Que los dioses nos asistan frente a este ignominioso virus, que no respeta siquiera la religión. En Lasarte trece monjitas quedan confinadas, con absoluta religiosidad, al detectar que una de ellas está infectada. Se demostró con posterioridad, que efectivamente era positiva en todos los sentidos, debido la grandeza de su corazón y a su fe inquebrantable. Con golpes en el pecho -algo bruscos para mi gusto- y entonando el mea culpa, las dejé tras la reja carcelaria; obsequiándolas al marchar, con la más dulce de mis sonrisas. Se calmarán un poco me imagino, cuando se enteren de que la comunidad religiosa de San Felicísimo también ha echado el cierre por la misma causa. Las desgracias si son compartidas se llevan mejor, dicen.

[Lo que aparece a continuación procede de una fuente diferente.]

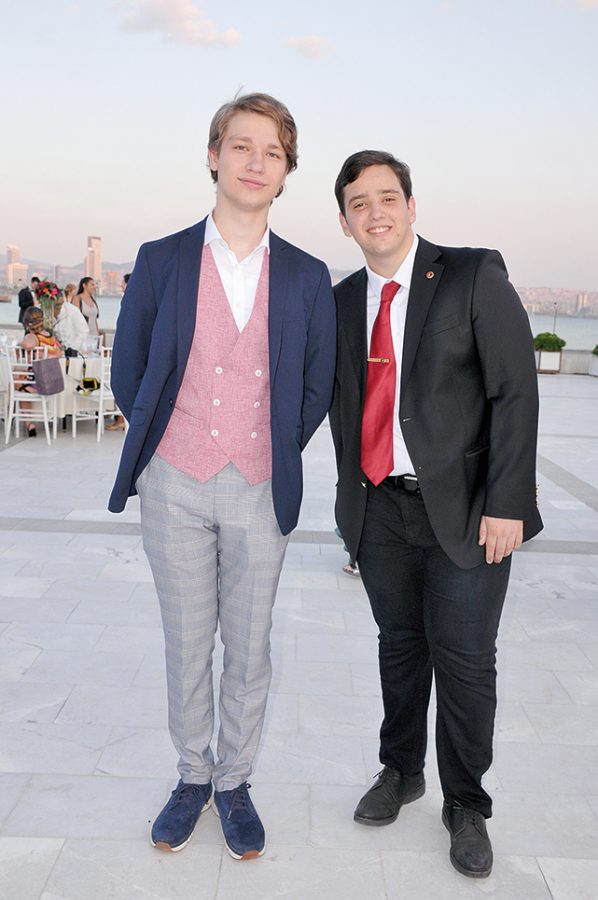 Tevfik Fikret’li Öğrenciler Umutla Uğurlandı - 110077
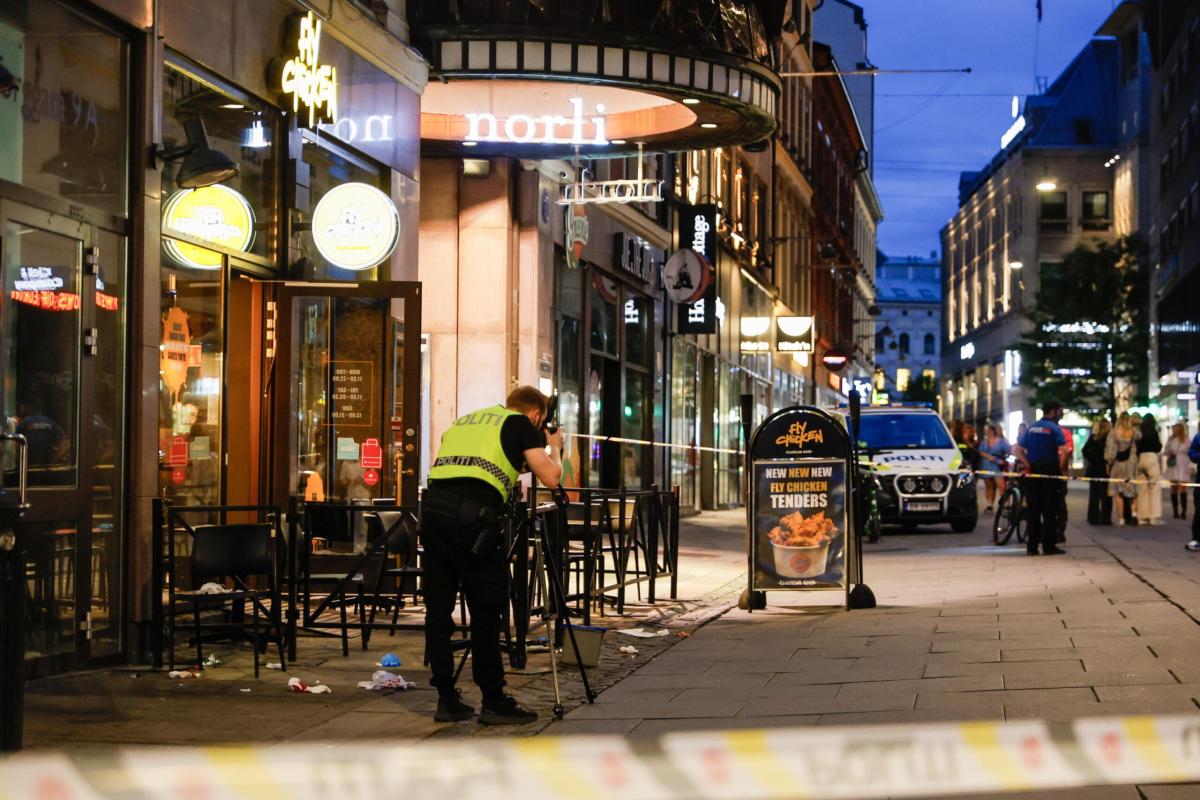 Oslo, uomo attacca con un machete i buttafuori di un locale, 4 feriti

 A pocos quilómetros de allí, un camping se ve arrasado por las llamas. El dueño de la propiedad, un ecuatoriano español de sesenta y cinco años, se ve sorprendido por la voracidad del fuego. Asunto feo, pues en el trasfondo del incendio, no se pudo esconder del todo el presunto crimen que se quería ocultar bajo el cañar. La Fiscalía no para y abre diligencias por supuestas injurias a la Corona y ya, de paso, imputan a varios miembros de Podemos. En la misma furgoneta departen amigablemente con un juez imputado por maltrato. Algo ahorraremos en viajes. La carrera por registrar la vacuna la gana Rusia por una cabeza. No me fío ni un pelo cuando son los mismos que dicen, que ellos de espiar, nada de nada.

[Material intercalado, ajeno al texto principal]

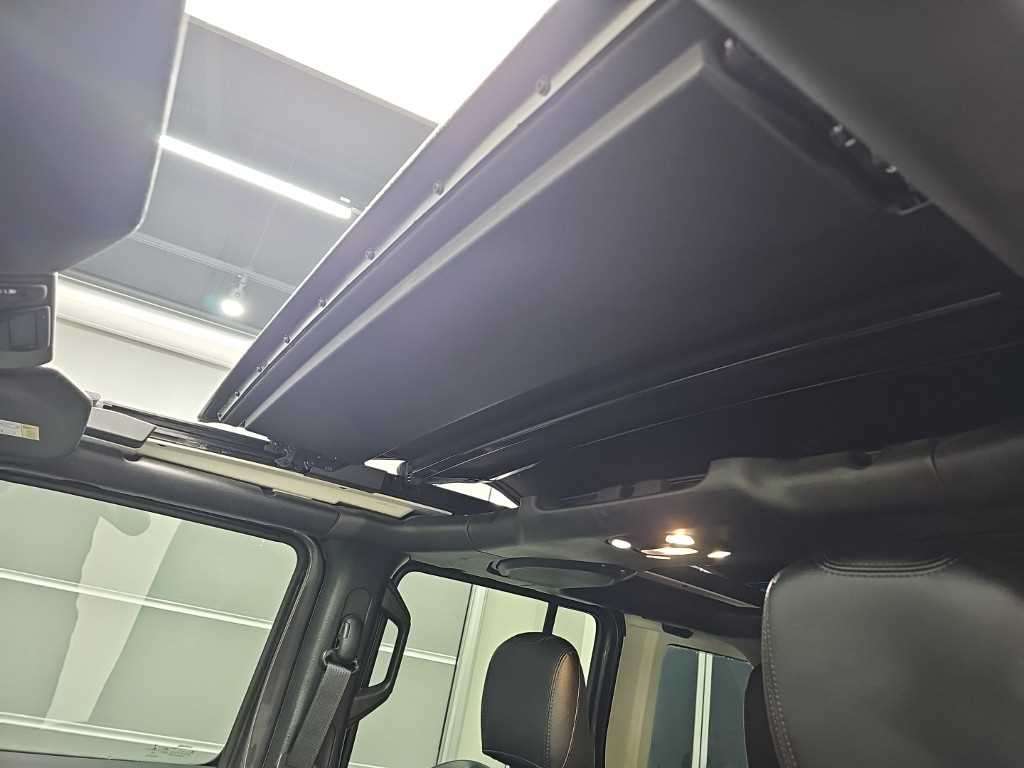 Jeep Wrangler — photo 13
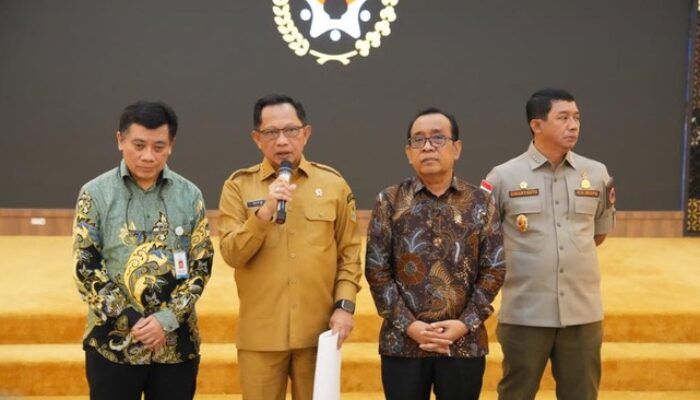 Mendagri Tito Karnavian Percepat Rehabilitasi Pascabencana Sumatra: Huntap Prioritas, Sumbar Pulih Tercepat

Y mientras en Lepe se cierran las terrazas, de forma preventiva y sin chistes, un puñado de graciosillos sin gota de gracia, organizan una quedada de positivos «para contagiar» … ¿Estamos mal de la cabeza o qué? En barbecho están atrancados los intelectos. Qué pena de país. Concedemos más importancia a que nuestros ídolos del balompié se lesionen, a otras cosas mucho más dramáticas. Pero también las hay mucho más disolutas. Antoniet soñaba con ser bailarín; pero sus padres querían que fuese cura. A hostias no acabaron; más hubo digamos, sus roces. Al final venció la cordura y el muchacho ha conseguido alcanzar su sueño, costeado con una beca a fondo perdido de un mecenas. Esas noticias, da gusto darlas. Para celebrarlo la familia entera, se montó en el columpio suspendido sobre el río Sil. A pesar del vértigo aseguraron que mereció la pena.

Un suave viento de Levante me empuja hacia mi hogar. Por un camino lleno de luz y sombras, que jamás ha dejado que me desvíe, guiando mi mano para que siga escribiendo con trazo firme.